----- DATASET EXTRACT

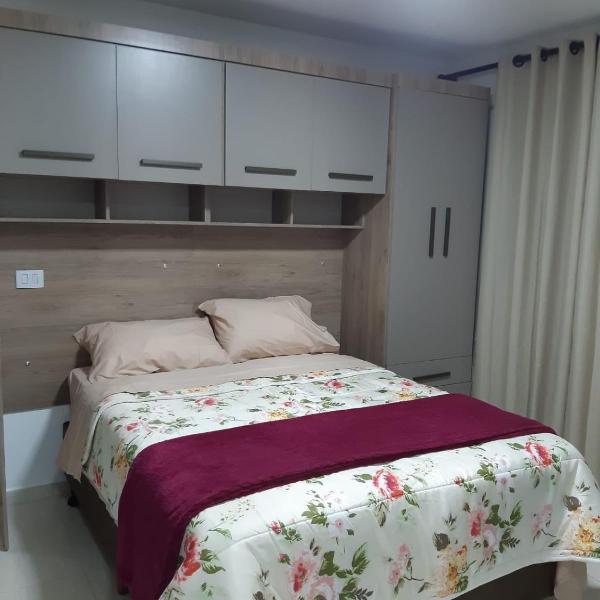 6 Studio Aconchegante Aeroporto a 8 min com Garagem - Foto 2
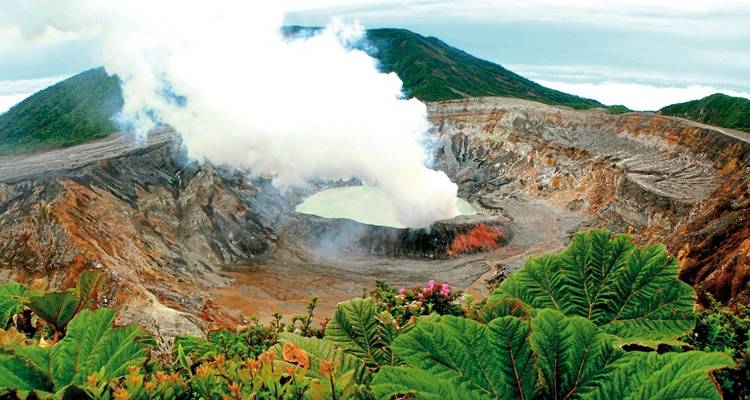 Pura Vida - Le Costa Rica à portée de main avec une extension balnéaire - DERTOUR 7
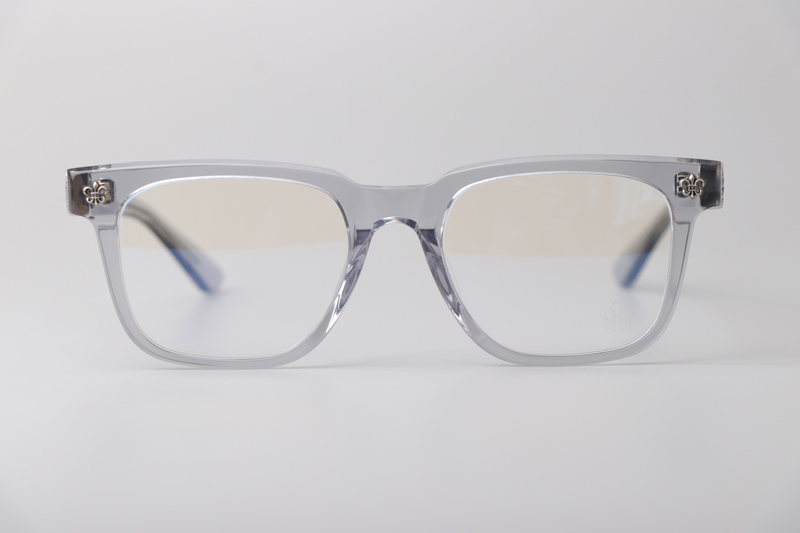 CH8002 Eyeglasses Transparent Gray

----------

Transcribe all of the material exactly, leaving out whatever pictures it contains.

 6 Studio Aconchegante Aeroporto a 8 min com Garagem - Foto 2
 Pura Vida - Le Costa Rica à portée de main avec une extension balnéaire - DERTOUR 7
 CH8002 Eyeglasses Transparent Gray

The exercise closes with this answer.